The source was a Friedman Foundation report, “A Win-Win,” which includes a collection of ALL the random assignment studies on vouchers. Random assignment studies are the gold-standard of scientific research. (Note: Non-random assignment studies on the impact of vouchers were excluded from the Friedman report. These studies are more mixed, but generally find small positive impacts from vouchers.)
The Friedman report also reviewed studies on the “systemic effects” of vouchers (that is, how vouchers impact public schools) but only included reports which were “empirical studies using any scientific method.” Thus, lower quality studies were excluded.
The bottom line: The Friedman review found the reports overwhelmingly found small but positive gains for voucher participants, and that public schools improve when vouchers were an option for students.
Not convinced by Petrilli’s sources, Thomson hunts for his own and finds three “reputable” studies from the Institute for Education Studies, the Chicago Federal Reserve and the National Center for Education Statistics.

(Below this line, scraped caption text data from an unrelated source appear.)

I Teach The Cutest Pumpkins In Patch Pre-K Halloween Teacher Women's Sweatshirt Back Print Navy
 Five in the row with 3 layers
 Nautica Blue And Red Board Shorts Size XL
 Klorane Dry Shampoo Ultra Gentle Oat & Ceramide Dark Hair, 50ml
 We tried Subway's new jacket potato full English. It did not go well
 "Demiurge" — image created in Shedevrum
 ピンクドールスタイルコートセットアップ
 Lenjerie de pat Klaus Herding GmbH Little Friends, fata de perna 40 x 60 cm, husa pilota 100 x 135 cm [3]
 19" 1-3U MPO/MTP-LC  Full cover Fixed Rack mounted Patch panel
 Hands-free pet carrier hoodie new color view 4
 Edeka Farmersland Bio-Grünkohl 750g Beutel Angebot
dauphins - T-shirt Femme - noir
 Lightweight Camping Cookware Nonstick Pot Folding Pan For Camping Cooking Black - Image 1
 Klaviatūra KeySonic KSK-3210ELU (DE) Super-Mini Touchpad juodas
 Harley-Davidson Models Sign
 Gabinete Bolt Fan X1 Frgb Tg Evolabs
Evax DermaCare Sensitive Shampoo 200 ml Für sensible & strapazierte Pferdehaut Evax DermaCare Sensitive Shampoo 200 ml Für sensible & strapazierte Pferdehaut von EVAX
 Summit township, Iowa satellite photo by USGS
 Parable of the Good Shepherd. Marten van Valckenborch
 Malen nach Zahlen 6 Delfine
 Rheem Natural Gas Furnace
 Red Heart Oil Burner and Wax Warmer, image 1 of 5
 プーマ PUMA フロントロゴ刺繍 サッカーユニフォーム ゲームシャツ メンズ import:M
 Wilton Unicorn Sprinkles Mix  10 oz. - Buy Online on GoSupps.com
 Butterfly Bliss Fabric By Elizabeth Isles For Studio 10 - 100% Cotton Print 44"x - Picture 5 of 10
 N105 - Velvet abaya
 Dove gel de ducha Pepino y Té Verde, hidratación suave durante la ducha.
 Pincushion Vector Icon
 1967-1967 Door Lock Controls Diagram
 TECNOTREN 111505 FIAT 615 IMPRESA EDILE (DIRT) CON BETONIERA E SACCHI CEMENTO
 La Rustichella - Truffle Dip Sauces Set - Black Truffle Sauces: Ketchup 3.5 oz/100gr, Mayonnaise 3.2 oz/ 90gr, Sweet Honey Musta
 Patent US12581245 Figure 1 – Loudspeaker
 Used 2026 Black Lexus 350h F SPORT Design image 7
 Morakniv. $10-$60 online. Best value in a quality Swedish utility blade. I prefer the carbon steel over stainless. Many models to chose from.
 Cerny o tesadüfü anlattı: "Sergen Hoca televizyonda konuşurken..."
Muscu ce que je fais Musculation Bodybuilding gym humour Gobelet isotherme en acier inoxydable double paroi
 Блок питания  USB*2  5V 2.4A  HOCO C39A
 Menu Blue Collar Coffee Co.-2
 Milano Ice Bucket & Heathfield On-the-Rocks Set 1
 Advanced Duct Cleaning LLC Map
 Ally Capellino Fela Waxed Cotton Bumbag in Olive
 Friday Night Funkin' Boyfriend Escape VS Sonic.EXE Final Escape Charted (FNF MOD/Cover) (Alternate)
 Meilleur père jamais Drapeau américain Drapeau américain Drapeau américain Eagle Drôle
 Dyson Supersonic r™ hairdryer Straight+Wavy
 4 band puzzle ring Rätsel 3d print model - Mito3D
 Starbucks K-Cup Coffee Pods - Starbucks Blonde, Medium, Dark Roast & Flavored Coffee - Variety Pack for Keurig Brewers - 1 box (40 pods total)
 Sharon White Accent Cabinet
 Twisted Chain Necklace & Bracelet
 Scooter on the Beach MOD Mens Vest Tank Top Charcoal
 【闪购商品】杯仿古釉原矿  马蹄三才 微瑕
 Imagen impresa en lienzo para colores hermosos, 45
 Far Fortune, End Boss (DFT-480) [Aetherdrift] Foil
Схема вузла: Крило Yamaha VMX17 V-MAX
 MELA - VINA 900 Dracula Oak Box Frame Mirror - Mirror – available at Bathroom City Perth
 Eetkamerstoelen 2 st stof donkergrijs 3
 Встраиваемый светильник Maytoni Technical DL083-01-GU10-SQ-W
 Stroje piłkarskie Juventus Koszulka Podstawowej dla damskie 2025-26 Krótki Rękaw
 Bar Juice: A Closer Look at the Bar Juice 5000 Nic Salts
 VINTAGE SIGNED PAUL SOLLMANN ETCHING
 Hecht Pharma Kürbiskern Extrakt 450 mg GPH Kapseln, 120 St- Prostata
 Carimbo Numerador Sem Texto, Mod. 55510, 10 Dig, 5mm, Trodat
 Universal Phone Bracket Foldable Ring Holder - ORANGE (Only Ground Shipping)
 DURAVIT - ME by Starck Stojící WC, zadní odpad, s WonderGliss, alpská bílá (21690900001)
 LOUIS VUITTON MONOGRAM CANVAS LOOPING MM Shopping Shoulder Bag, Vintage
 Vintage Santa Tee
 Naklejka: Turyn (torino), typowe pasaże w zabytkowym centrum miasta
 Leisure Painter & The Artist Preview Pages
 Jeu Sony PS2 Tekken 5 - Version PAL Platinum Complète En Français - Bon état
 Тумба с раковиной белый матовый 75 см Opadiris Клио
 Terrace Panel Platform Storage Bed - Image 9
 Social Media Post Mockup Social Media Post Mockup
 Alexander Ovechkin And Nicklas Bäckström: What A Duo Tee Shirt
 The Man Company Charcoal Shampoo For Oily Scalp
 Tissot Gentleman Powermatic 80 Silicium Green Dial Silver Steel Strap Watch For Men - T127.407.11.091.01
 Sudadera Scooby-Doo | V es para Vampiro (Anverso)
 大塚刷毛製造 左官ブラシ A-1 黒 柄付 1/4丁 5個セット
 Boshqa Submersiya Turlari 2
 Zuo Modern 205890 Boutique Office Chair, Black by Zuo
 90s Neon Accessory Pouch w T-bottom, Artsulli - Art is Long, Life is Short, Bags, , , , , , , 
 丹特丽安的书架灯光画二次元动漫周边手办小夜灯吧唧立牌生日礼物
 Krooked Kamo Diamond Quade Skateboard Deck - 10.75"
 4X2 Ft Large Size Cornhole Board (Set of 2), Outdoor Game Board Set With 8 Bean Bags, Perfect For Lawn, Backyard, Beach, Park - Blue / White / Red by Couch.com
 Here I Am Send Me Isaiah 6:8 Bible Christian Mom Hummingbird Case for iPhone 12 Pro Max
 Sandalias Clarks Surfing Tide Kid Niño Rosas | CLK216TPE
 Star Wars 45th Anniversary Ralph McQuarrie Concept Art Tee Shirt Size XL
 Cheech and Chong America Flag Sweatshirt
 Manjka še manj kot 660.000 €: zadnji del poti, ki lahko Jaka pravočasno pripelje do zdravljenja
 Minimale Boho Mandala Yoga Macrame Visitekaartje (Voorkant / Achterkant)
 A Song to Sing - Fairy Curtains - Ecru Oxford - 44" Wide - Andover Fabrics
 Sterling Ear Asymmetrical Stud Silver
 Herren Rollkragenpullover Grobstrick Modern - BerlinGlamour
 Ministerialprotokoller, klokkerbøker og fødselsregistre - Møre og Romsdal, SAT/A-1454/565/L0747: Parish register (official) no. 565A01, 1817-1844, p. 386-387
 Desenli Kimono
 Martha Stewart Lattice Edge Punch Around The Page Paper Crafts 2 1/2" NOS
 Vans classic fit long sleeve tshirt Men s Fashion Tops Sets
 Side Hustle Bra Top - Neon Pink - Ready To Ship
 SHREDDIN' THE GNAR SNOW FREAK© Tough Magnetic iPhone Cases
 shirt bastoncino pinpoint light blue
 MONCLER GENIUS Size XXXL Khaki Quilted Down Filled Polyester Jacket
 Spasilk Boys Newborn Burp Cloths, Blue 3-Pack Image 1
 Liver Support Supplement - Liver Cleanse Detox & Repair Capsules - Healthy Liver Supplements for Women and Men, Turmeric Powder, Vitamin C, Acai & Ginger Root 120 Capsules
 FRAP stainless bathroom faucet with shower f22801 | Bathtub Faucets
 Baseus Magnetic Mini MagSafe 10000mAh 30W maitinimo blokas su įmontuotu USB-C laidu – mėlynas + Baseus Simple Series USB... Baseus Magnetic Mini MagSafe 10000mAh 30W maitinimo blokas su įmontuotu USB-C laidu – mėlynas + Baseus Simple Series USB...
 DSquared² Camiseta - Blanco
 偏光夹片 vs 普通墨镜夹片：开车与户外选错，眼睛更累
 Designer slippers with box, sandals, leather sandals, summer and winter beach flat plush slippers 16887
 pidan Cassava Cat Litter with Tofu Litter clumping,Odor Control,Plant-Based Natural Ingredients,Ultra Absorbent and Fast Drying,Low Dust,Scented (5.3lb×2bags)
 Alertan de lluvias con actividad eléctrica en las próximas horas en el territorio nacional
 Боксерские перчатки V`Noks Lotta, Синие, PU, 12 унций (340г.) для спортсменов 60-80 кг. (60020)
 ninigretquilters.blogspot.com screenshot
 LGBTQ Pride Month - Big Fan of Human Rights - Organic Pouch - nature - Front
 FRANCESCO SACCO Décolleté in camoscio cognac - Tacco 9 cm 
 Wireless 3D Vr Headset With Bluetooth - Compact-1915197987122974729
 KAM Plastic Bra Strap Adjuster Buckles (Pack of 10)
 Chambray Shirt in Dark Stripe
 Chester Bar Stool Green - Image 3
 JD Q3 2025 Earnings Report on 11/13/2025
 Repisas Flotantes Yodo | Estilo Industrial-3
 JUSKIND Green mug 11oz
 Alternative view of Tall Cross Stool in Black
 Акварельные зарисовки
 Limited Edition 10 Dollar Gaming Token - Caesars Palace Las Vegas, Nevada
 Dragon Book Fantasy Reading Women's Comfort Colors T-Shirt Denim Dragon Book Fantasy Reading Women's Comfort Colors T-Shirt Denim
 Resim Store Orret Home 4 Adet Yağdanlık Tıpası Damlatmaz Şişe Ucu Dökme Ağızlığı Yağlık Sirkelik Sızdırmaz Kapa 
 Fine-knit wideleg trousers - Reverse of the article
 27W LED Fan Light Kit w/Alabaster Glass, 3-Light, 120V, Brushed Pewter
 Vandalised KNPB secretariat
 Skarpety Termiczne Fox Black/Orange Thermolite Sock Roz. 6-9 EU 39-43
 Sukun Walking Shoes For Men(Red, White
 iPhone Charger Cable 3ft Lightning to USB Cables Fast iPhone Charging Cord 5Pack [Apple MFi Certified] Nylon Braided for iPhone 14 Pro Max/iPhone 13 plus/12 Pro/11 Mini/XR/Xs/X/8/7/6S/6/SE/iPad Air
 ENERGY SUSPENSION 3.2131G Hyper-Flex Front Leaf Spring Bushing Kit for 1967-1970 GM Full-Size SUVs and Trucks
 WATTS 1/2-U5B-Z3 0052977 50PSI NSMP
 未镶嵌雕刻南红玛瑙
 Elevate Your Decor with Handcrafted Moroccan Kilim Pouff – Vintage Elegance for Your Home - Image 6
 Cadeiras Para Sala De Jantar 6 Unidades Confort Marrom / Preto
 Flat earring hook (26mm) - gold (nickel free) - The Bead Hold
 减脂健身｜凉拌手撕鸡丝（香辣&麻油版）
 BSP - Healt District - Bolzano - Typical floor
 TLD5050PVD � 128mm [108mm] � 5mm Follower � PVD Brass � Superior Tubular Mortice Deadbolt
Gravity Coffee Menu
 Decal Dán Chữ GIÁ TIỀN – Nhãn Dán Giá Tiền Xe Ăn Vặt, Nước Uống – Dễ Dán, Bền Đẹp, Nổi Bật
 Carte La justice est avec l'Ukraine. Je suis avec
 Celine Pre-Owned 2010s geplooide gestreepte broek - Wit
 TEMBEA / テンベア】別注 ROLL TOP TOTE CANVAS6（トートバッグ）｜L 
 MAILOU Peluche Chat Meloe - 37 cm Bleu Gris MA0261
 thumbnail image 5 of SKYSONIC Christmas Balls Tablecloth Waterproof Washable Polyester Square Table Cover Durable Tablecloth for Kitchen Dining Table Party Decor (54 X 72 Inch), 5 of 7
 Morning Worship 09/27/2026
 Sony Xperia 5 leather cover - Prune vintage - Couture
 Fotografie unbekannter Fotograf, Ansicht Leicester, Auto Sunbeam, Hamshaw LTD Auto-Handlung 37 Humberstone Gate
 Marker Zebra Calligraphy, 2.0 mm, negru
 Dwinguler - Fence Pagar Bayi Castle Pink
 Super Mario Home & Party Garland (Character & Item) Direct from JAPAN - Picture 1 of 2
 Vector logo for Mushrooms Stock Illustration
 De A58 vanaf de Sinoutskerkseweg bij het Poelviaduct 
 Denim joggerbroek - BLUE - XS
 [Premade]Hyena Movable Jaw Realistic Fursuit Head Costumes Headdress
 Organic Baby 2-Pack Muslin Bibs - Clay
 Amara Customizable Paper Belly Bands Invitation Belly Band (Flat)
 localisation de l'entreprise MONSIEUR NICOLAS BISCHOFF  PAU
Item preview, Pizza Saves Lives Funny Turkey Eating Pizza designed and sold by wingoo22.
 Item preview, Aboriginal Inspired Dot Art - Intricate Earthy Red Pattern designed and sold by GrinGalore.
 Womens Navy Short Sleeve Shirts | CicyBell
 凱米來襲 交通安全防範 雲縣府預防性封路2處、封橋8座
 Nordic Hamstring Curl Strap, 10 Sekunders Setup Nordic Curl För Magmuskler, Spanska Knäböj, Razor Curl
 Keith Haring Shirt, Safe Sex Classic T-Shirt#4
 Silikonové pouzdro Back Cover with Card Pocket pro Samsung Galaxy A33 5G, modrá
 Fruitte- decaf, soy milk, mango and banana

Thompson says these studies support the claims of Diane Ravitch, not Petrilli or the Friedman Foundation.
Interestingly, two of the authors cited by Thomson (Cecilia Rouse and Patrick A. Wolf) had other research reviewed by Friedman (that source of exaggeration, remember?). Their other, random assignment research found statistically significant gains for at least one subgroup using vouchers.
One of the three studies cited by Thomson actually has nothing to do with vouchers (it’s a 2006 study about public vs. private schools). Another simply looks to discover what type of student exits the Milwaukee voucher program and concludes that vouchers work well for some, but not all students.
The only one that can remotely come close to supporting Ravitch is the one 2008 by the Chicago Federal Reserve. A literature review on school choice, it claims the research on vouchers is “mixed.”
(By the way, Diane Ravitch doesn’t use the word “mixed” to describe the research. In a recent interview with Sara Scribner, Ravitch claimed “vouchers have absolutely no impact on student achievement.”)
The Chicago Federal Reserve review includes a small assortment of voucher research of varying degrees of quality, and does not explain why certain studies were selected and others left out. It also examined fewer studies than the Friedman report criticized by Thomson.
Nevertheless, it actually found generally positive effects for voucher participants, and for public schools impacted by vouchers. That is the opposite of what Thomson claims.